### Prompt
Return nothing but the lines from the one containing "58 ซม. ของขวัญบรรจุภัณฑ์กระดาษสองด้านสี" through the end of the records below, exactly as they stand and without pictures.
--------------------------------------------------
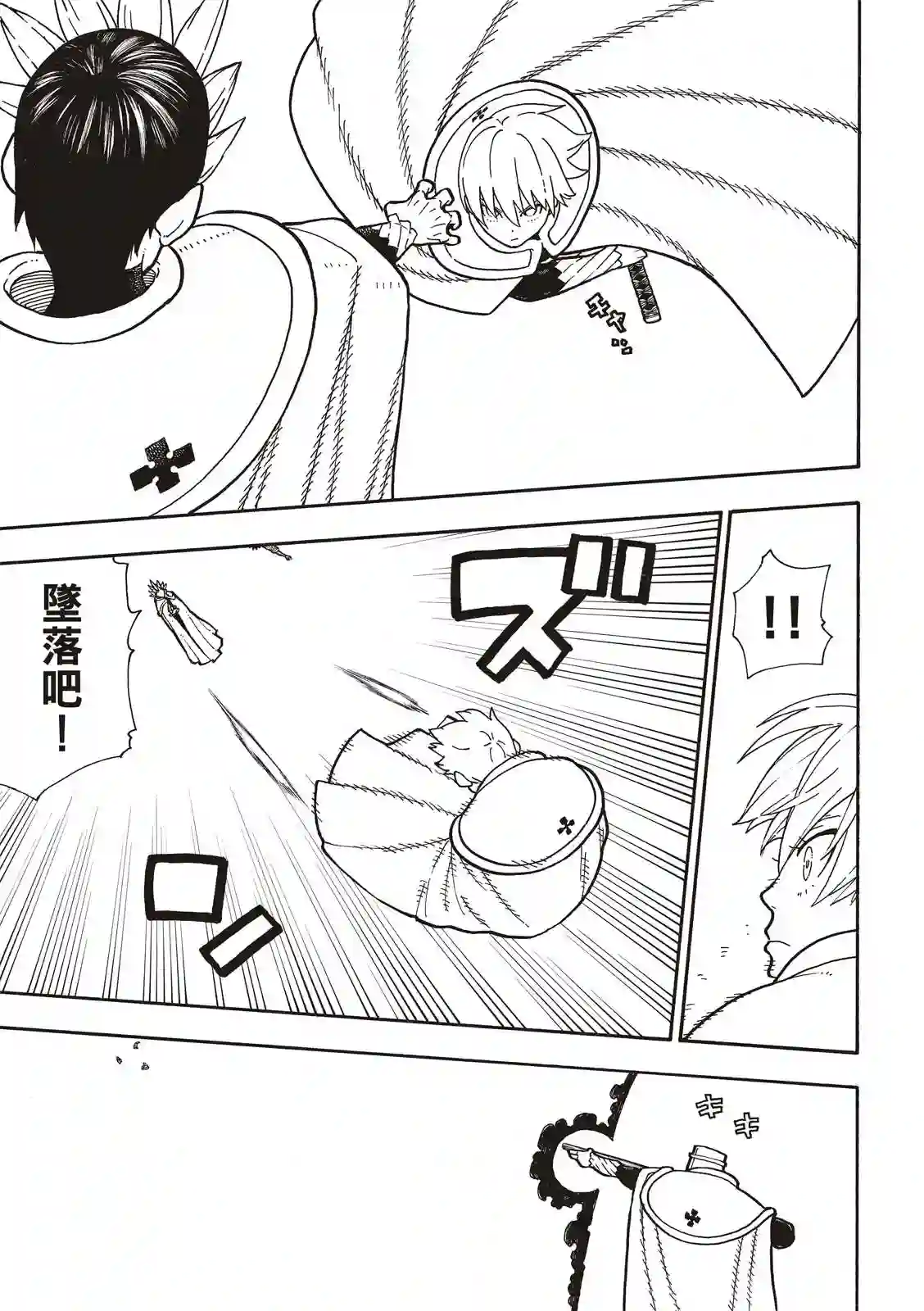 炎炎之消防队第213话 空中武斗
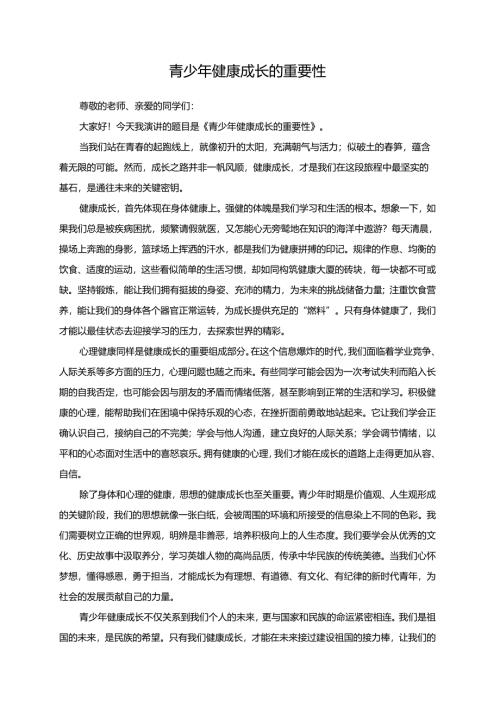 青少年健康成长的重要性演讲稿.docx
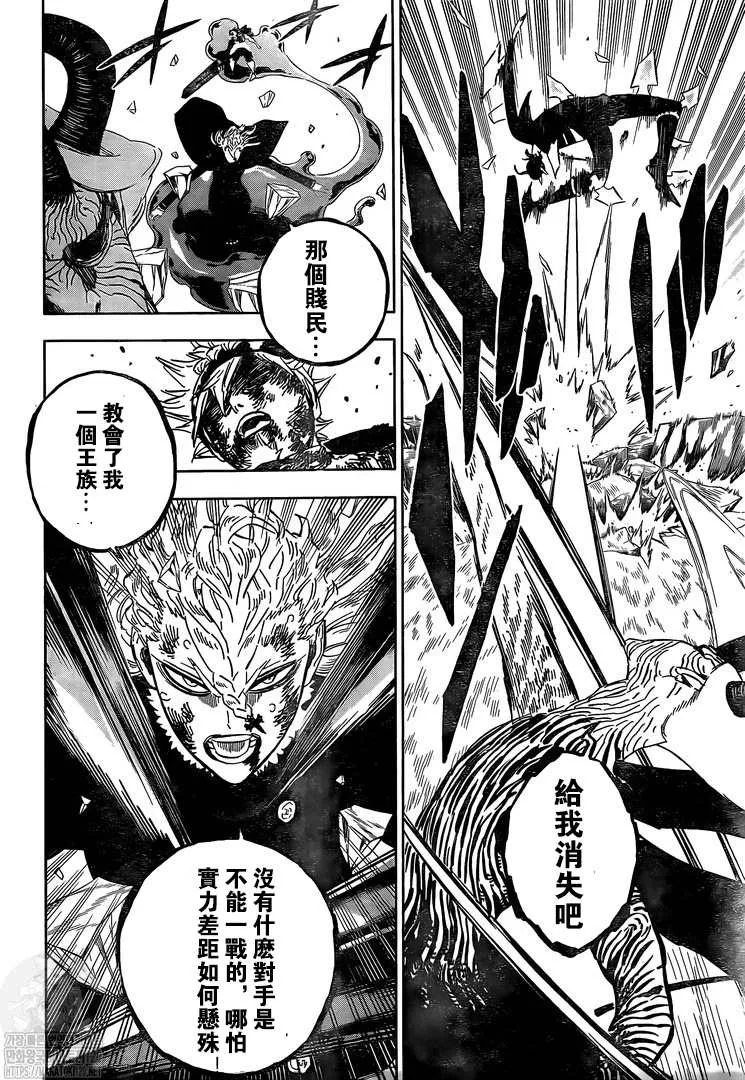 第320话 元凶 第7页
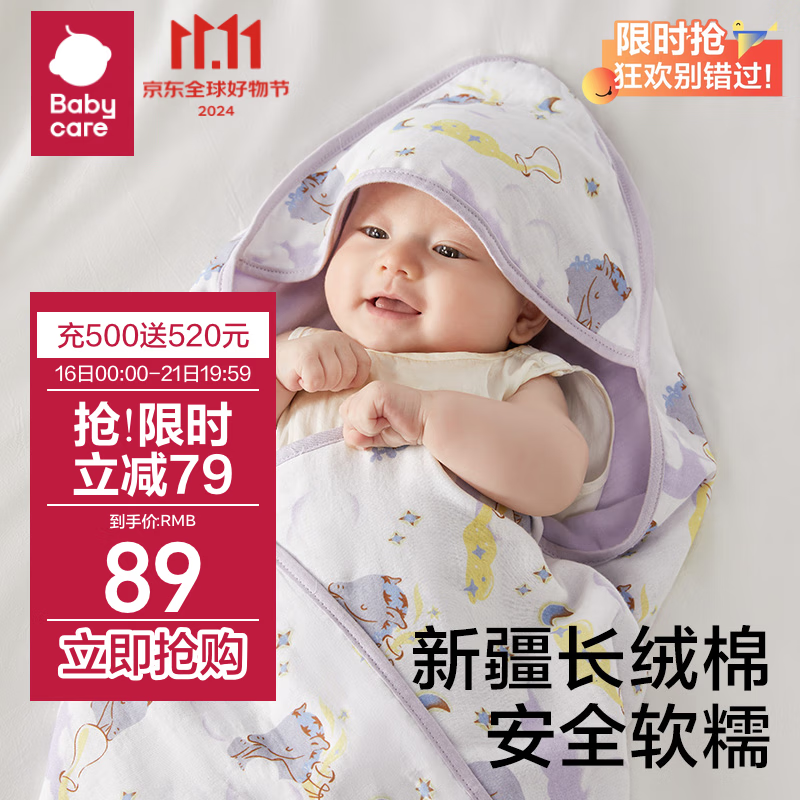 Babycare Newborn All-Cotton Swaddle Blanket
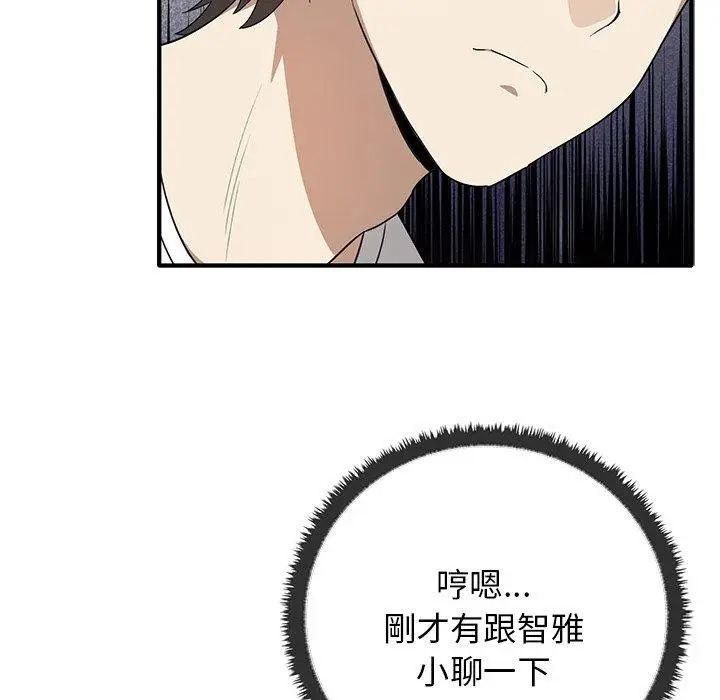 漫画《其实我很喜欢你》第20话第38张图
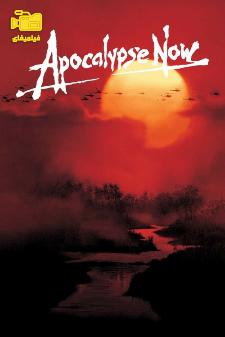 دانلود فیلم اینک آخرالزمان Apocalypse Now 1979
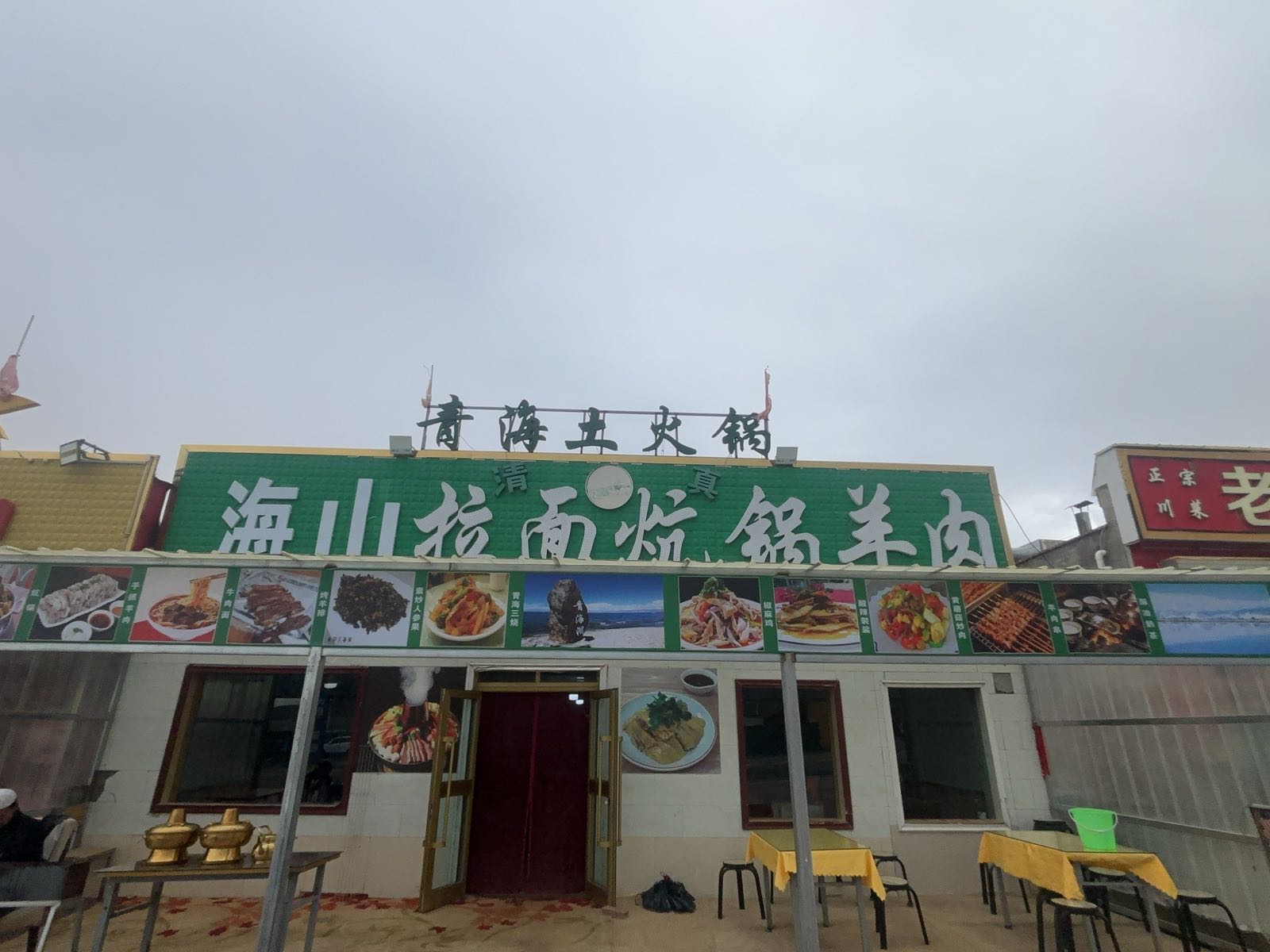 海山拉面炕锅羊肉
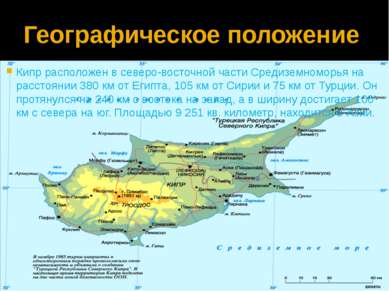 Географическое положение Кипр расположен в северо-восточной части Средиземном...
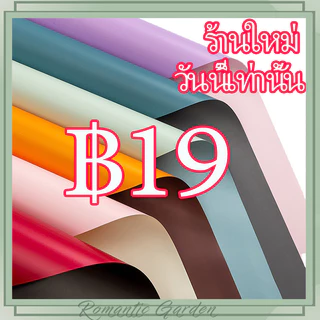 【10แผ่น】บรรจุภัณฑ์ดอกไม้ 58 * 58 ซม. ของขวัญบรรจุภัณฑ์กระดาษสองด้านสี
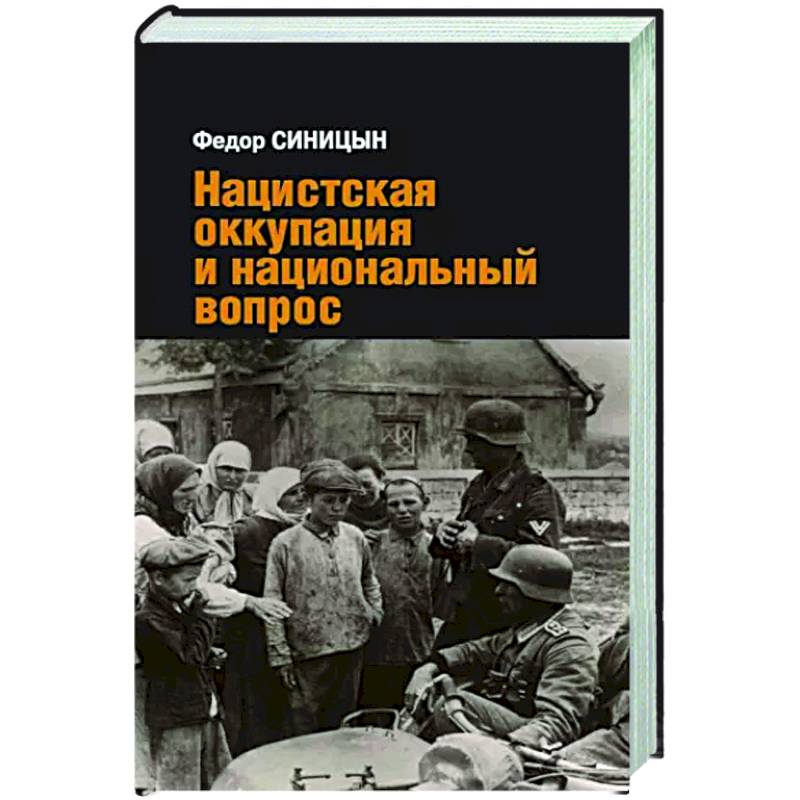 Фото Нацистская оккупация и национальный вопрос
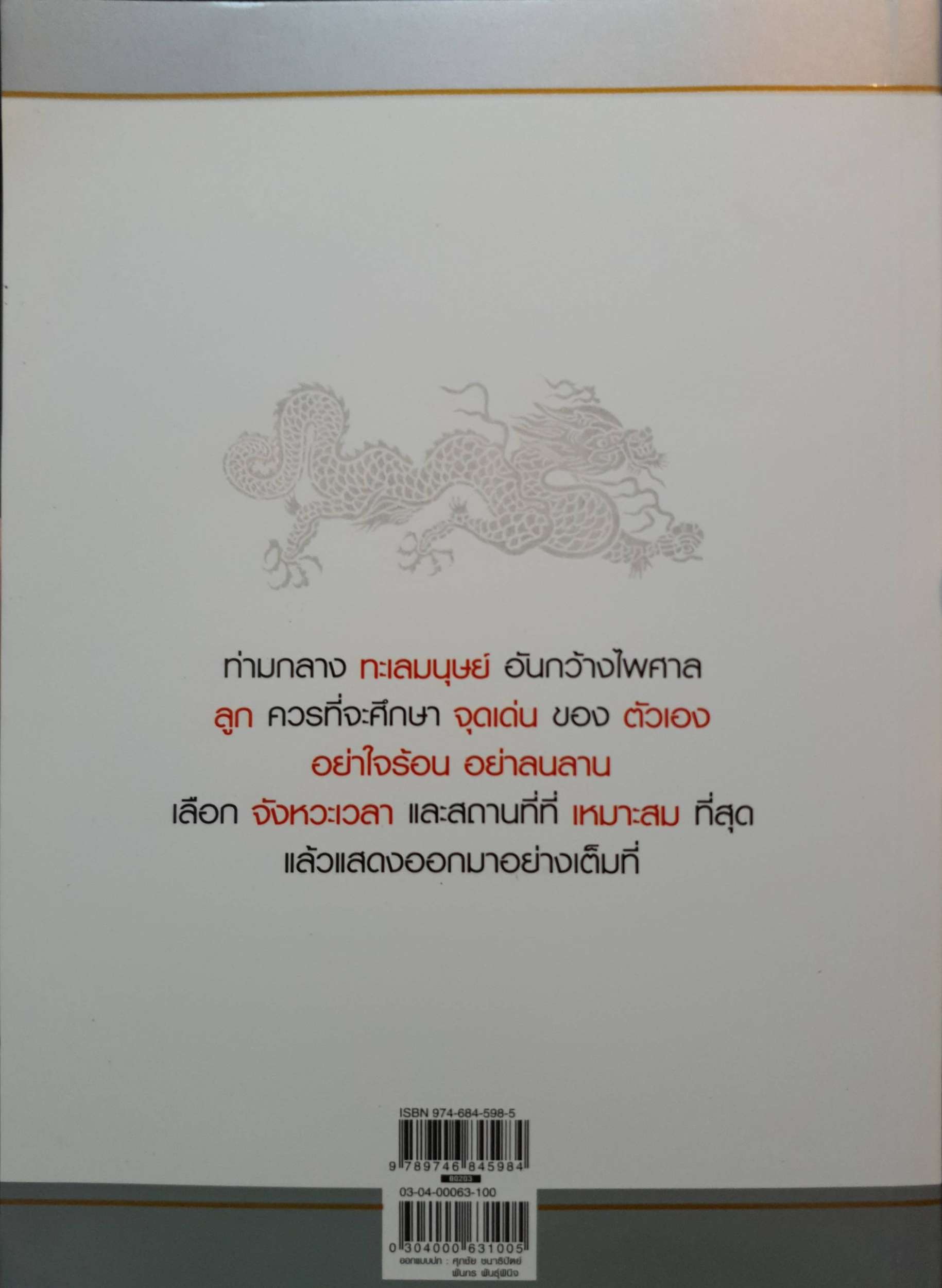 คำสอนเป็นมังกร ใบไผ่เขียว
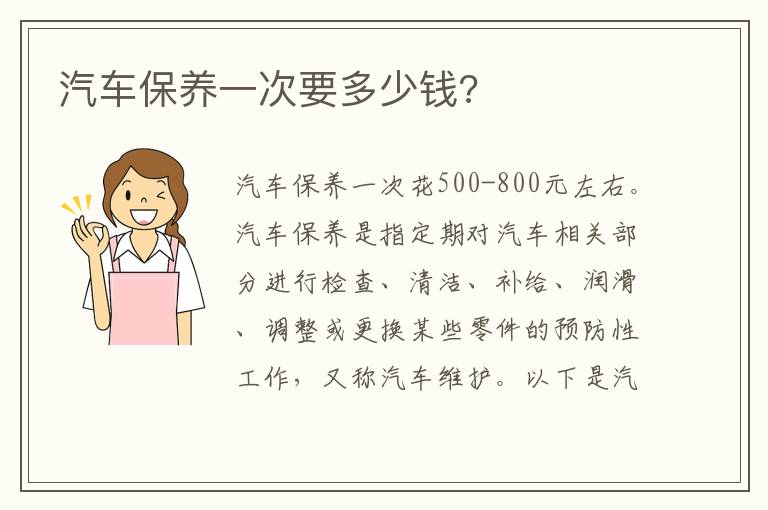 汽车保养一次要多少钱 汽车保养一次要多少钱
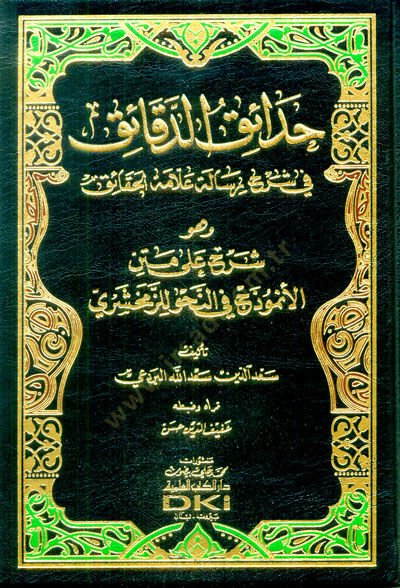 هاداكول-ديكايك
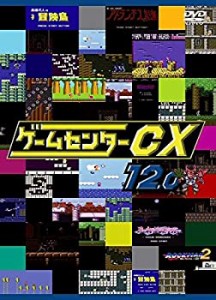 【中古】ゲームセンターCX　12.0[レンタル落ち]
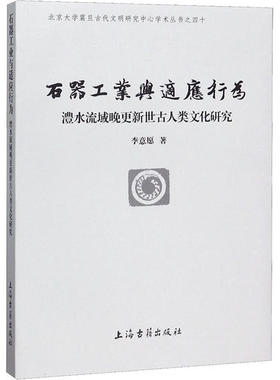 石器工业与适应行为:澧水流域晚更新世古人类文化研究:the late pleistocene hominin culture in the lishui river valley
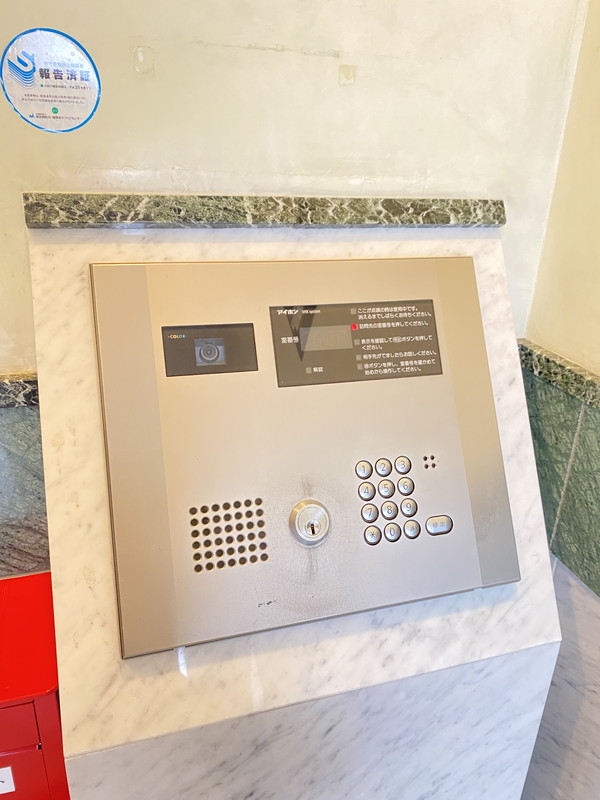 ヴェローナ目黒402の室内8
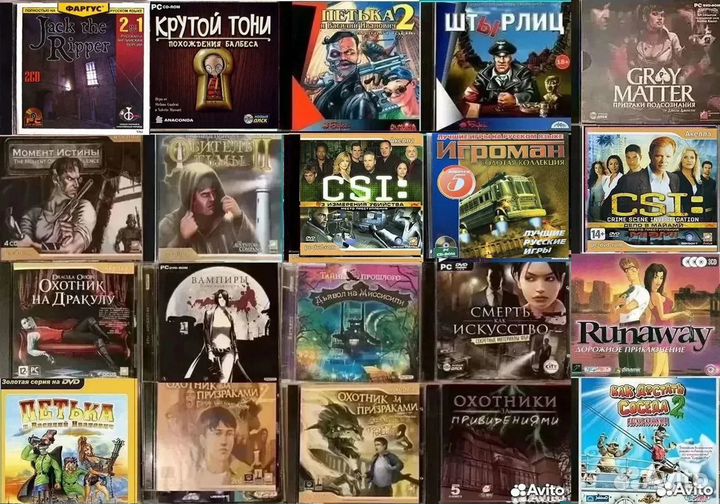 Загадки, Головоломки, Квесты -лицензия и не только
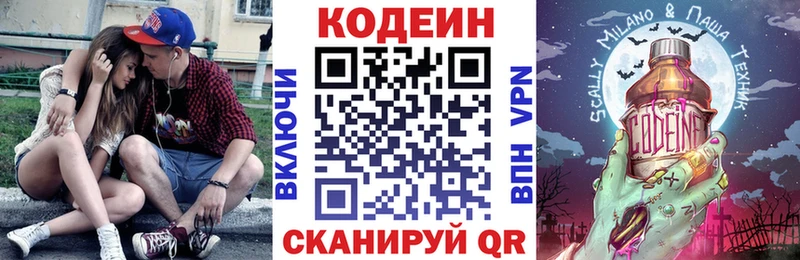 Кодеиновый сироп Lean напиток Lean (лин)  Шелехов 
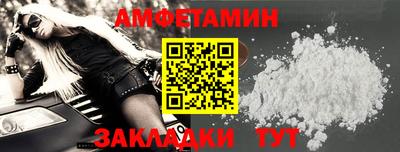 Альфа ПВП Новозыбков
--------------------------------------------------
### Written response
 【10แผ่น】บรรจุภัณฑ์ดอกไม้ 58 * 58 ซม. ของขวัญบรรจุภัณฑ์กระดาษสองด้านสี
 Фото Нацистская оккупация и национальный вопрос
 คำสอนเป็นมังกร ใบไผ่เขียว
 汽车保养一次要多少钱 汽车保养一次要多少钱
 هاداكول-ديكايك
 【中古】ゲームセンターCX　12.0[レンタル落ち]
 石器工业与适应行为:澧水流域晚更新世古人类文化研究:the late pleistocene hominin culture in the lishui river valley
 ヴェローナ目黒402の室内8
 Загадки, Головоломки, Квесты -лицензия и не только
 Кодеиновый сироп Lean напиток Lean (лин)  Шелехов 
 Альфа ПВП Новозыбков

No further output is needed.